TASK DESCRIPTION >>
Keep the pictures out, please, and set down every record exactly.

MATERIAL SUPPLIED >>
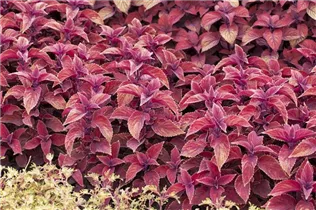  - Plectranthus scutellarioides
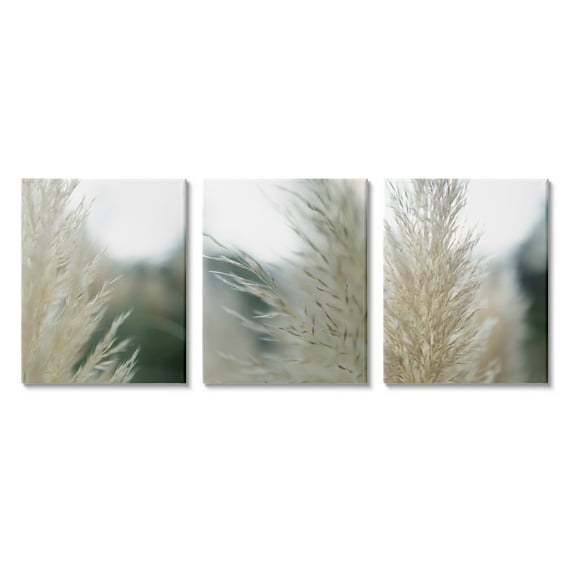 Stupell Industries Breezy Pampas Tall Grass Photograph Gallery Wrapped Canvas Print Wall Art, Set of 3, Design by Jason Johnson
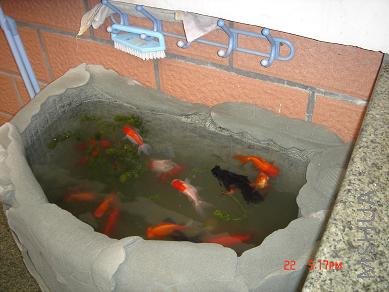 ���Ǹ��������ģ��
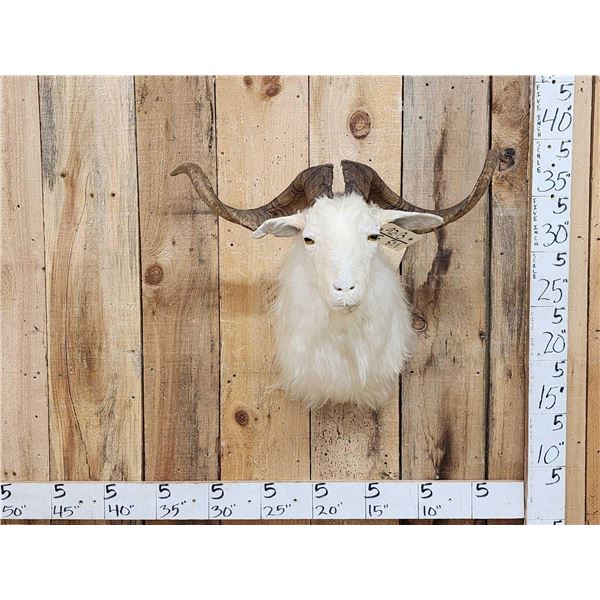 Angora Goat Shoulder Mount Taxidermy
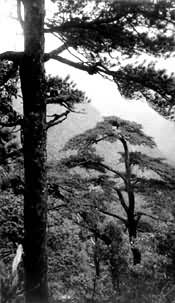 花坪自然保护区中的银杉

TASK RESULT >>
  - Plectranthus scutellarioides
 Stupell Industries Breezy Pampas Tall Grass Photograph Gallery Wrapped Canvas Print Wall Art, Set of 3, Design by Jason Johnson
 ���Ǹ��������ģ��
 Angora Goat Shoulder Mount Taxidermy
 花坪自然保护区中的银杉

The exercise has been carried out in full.